The new recommendations are featured in the current issue of Sleep Medicine.
One major finding of the report is recommended expansion of first-line treatment of RLS/WED for most patients. The use of either a dopamine-receptor agonist or an alpha 2 delta calcium-channel ligand is recommended as first-line treatment.
Other key statements include:
- Pramipexole, rotigotine, and ropinirole are effective for the treatment of RLS/WED for up to 6 months.
- Pregabalin is effective for the treatment of RLS/WED for 1 year.
- Gabapentin enacarbil is probably effective for the treatment of RLS/WED for 1 year. Evidence is insufficient to make a recommendation on the use of this drug in the long-term treatment of RLS/WED.
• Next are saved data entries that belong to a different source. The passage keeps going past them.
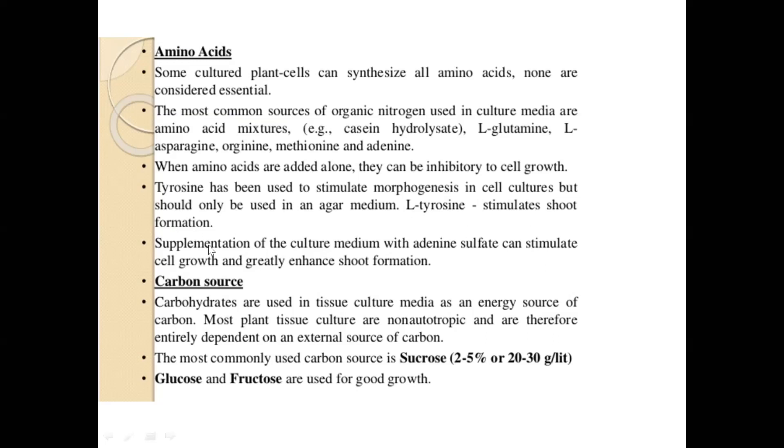L-tyrosine stimulates shoot formation and adenine sulfate can stimulate cell growth. Carbohydrates are used in tissue culture as an energy source. Because callus is not autotrophic — it has not yet formed chlorophyll-containing cells — it is non-autotrophic and entirely depends on an external source of carbon. Sucrose, fructose, and glucose are the most commonly used carbon sources; maltose and raffinose are also used.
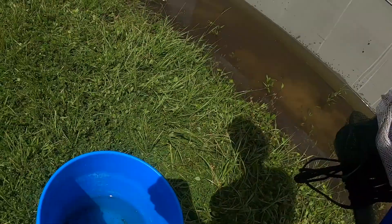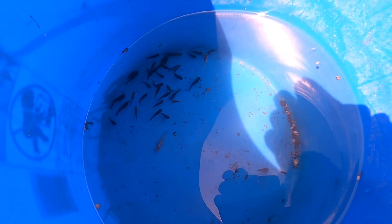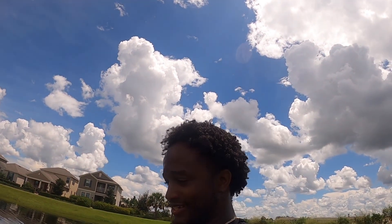Here they go. Take a look at all of them — I got quite a bunch. They're going to the pond, you know, to start growing that bacteria for when I put in the bait fish. It's hot out here, as you can see I'm sweating, so I will see you back at the house.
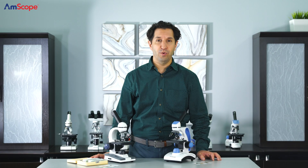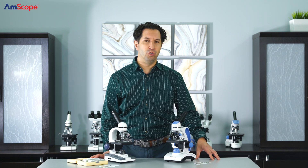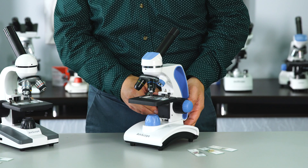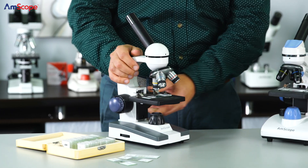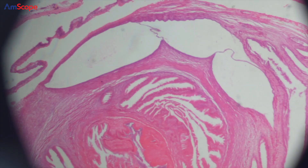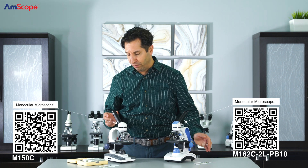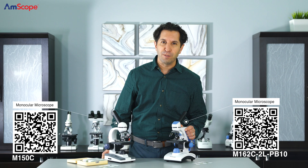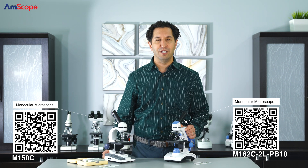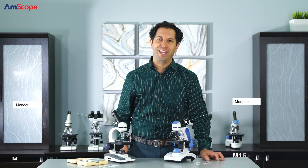Imagine teaching a unit on the differences between plant and animal cells. Our models for late elementary to middle school students, the M150 and the dual illumination M162-2L, are both solid selections. Students can collect their own cheek cells and use onion skins to prepare slides and see the differences through the eyepieces, really bringing those textbook images to life.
- Levodopa is probably effective for up to 2 years for the treatment of RLS/WED in the 24% to 40% of patients who tolerate therapy and who do not develop augmentation or loss of efficacy.
- Pergolide and cabergoline should no longer be used in the treatment of RLS/WED, except for patients whose symptoms are refractory to all other treatments and in whom the benefits outweigh the risks.
- Evidence is insufficient to make a recommendation on the use of tramadol, methadone, intrathecal morphine, or any single opioid in the long-term treatment of RLS/WED.